Dynamic feature sampling method analysis for the detection of microcrack on uncoated aluminum alloy surface by joint scanning laser thermography

Laser thermography is a cutting-edge non-destructive testing method with remarkable advantages such as contactless operation, swift detection, and exceptional sensitivity. In this study, an innovative thermal signal sampling method is introduced for the detection of microcracks on uncoated aluminum alloy surface through joint scanning laser thermography. Initially, numerical simulation was conducted to analyze the thermal response characteristics of the uncoated surface during inspection. Subsequently, the dynamic minimum value features of the surface temperature distribution were extracted within a large region of interest, and the optimal sampling region was determined by evaluating the signal-to-noise ratio. The temperature curves of the sampling results showed a clear peak-valley bipolar feature at the microcrack locations.
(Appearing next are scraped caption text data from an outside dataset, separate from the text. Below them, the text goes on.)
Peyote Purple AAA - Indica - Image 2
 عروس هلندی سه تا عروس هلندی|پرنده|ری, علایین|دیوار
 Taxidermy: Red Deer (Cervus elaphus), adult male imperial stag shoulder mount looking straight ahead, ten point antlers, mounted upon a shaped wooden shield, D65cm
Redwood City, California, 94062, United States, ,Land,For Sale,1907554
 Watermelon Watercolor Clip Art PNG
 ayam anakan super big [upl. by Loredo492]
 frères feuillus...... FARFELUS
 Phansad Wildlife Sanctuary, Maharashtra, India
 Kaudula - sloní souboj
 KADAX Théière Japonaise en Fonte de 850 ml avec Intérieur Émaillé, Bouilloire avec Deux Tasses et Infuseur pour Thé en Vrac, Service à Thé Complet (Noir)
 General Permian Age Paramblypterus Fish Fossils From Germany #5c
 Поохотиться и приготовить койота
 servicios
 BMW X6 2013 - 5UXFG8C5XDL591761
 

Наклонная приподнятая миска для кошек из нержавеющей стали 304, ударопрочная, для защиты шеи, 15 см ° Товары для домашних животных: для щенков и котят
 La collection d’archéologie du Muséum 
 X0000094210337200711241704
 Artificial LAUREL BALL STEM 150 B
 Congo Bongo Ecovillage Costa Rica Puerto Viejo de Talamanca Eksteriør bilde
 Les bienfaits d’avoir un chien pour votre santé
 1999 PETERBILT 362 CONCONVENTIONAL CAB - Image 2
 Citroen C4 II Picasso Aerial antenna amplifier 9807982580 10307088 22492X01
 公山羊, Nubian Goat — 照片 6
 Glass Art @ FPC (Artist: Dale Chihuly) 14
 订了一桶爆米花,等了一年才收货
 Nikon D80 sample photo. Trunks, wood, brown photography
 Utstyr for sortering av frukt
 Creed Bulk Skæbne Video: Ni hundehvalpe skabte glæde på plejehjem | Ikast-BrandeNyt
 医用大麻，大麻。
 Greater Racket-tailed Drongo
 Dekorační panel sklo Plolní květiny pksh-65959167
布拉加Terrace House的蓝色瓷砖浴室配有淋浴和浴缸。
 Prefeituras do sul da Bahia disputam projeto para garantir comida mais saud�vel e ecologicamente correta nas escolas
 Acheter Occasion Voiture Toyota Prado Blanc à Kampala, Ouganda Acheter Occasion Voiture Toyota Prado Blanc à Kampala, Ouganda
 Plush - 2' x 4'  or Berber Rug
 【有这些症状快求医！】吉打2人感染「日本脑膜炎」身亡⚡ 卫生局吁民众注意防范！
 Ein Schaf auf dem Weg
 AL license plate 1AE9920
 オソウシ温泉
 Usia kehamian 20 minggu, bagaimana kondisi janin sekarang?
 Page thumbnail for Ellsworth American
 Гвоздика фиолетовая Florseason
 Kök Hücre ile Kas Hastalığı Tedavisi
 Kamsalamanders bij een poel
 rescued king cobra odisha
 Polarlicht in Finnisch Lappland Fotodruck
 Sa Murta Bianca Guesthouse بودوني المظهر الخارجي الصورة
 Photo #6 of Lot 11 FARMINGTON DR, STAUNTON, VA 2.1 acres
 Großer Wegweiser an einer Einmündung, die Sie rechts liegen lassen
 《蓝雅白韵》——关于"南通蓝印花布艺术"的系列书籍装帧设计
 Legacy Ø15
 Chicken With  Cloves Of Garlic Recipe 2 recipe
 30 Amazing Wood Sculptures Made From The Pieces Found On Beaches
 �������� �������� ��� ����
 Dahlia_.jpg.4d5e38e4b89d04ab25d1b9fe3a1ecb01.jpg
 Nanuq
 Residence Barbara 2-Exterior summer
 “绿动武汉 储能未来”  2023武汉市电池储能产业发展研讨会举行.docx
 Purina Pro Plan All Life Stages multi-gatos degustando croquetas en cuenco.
The correlation coefficient of one-dimensional continuous wavelet transform was employed to extract the singularity of crack features, and the singularity points were clearly defined to locate the microcracks spatial location. The experimental results showed that our proposed detection method could quickly and automatically locate and characterize microcracks on the surface of uncoated aluminum alloy with good stability and robustness. This method provides a feasible solution for the application of laser thermography in industry, thus improving the quality and safety performance of products.